— Work to complete —
Copy out precisely the lines of the material that follows, beginning with the line containing "lien vers toxoplasmose oculaire" and ending with its last line; exclude pictures.

┄┄┄┄┄┄

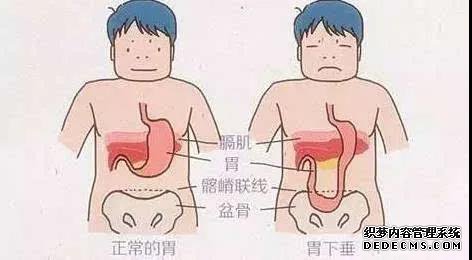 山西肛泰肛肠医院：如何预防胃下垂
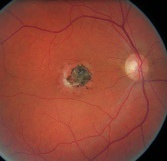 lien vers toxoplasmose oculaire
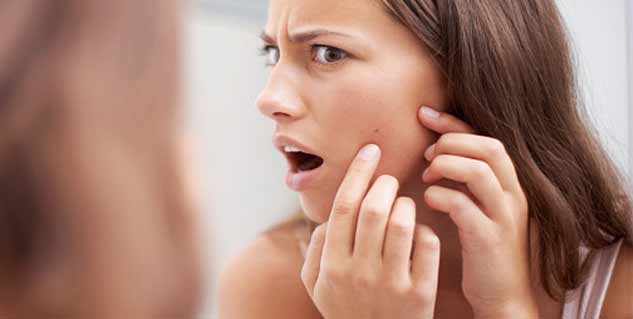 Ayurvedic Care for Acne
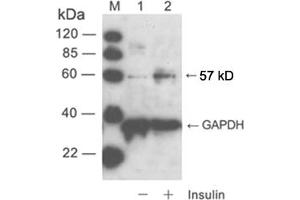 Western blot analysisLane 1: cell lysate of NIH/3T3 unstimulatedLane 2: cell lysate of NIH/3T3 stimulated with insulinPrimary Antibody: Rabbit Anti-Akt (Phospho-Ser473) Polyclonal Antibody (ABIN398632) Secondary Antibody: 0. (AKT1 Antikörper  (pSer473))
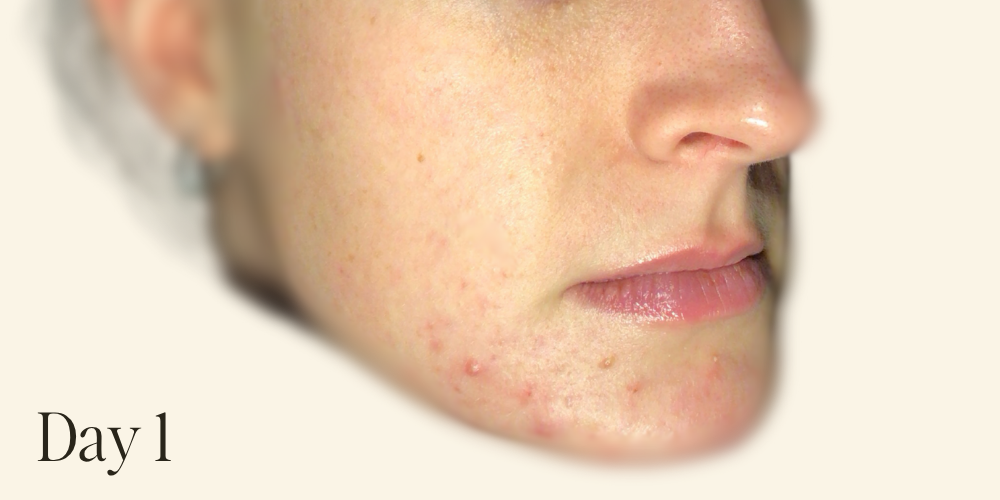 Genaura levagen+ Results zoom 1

┄┄┄┄┄┄

— Written response —
 lien vers toxoplasmose oculaire
 Ayurvedic Care for Acne
 Western blot analysisLane 1: cell lysate of NIH/3T3 unstimulatedLane 2: cell lysate of NIH/3T3 stimulated with insulinPrimary Antibody: Rabbit Anti-Akt (Phospho-Ser473) Polyclonal Antibody (ABIN398632) Secondary Antibody: 0. (AKT1 Antikörper  (pSer473))
 Genaura levagen+ Results zoom 1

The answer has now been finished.